Step-by-Step Solution:
Numbers on a die: 1, 2, 3, 4, 5, 6.Even numbers are 2, 4, 6. Multiples of 3 are 3 and 6.Numbers that are not even and not multiples of 3 must be odd and not divisible by 3.Check: 1 is odd and not a multiple of 3, 3 is a multiple of 3, 5 is odd and not a multiple of 3.Therefore, the allowed values on each die are 1 and 5, so there are 2 favourable numbers per die.Since the dice are independent, the number of favourable ordered outcomes for the pair is 2 * 2 = 4.Total possible ordered outcomes when throwing two dice = 6 * 6 = 36.So the required probability = favourable / total = 4 / 36 = 1 / 9 after simplification.

Verification / Alternative check:
We can explicitly list the favourable outcomes: (1,1), (1,5), (5,1) and (5,5). There are exactly four. Since there are 36 total ordered outcomes, the fraction is 4 / 36 which again reduces to 1 / 9, confirming the calculation.

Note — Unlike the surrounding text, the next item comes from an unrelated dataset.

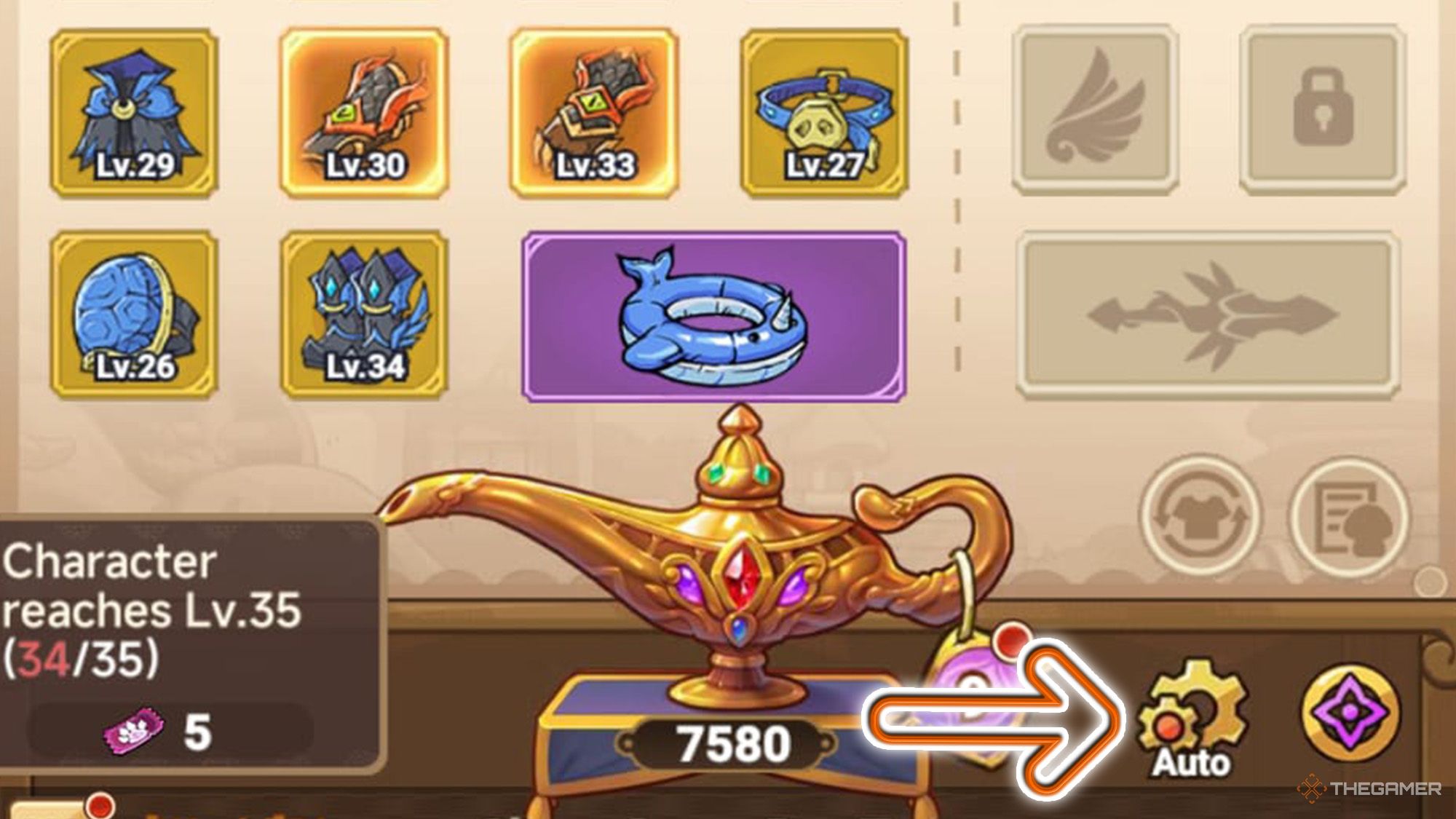 Legend of Mushroom - Arrow displays gear icon that located right side of the lamp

Why Other Options Are Wrong:
The probabilities 11/36 and 25/36 are much larger than 1/9 and correspond to including outcomes where one or both dice show even numbers or multiples of 3, which violates the condition. The value 5/6 is far too large and would suggest that almost all outcomes are favourable, which is incorrect because only 4 out of 36 outcomes meet the strict condition. Only 1/9 matches the correct counting.

Common Pitfalls:
Some learners misinterpret the wording and only require that one die avoids even numbers and the other avoids multiples of 3, instead of imposing the condition on each die separately. Others forget that 3 and 6 are both multiples of 3, leading to too many allowed values. Carefully checking each number against both conditions prevents these misunderstandings.

Final Answer:
The probability that neither die shows an even number and neither shows a multiple of 3 is 1/9.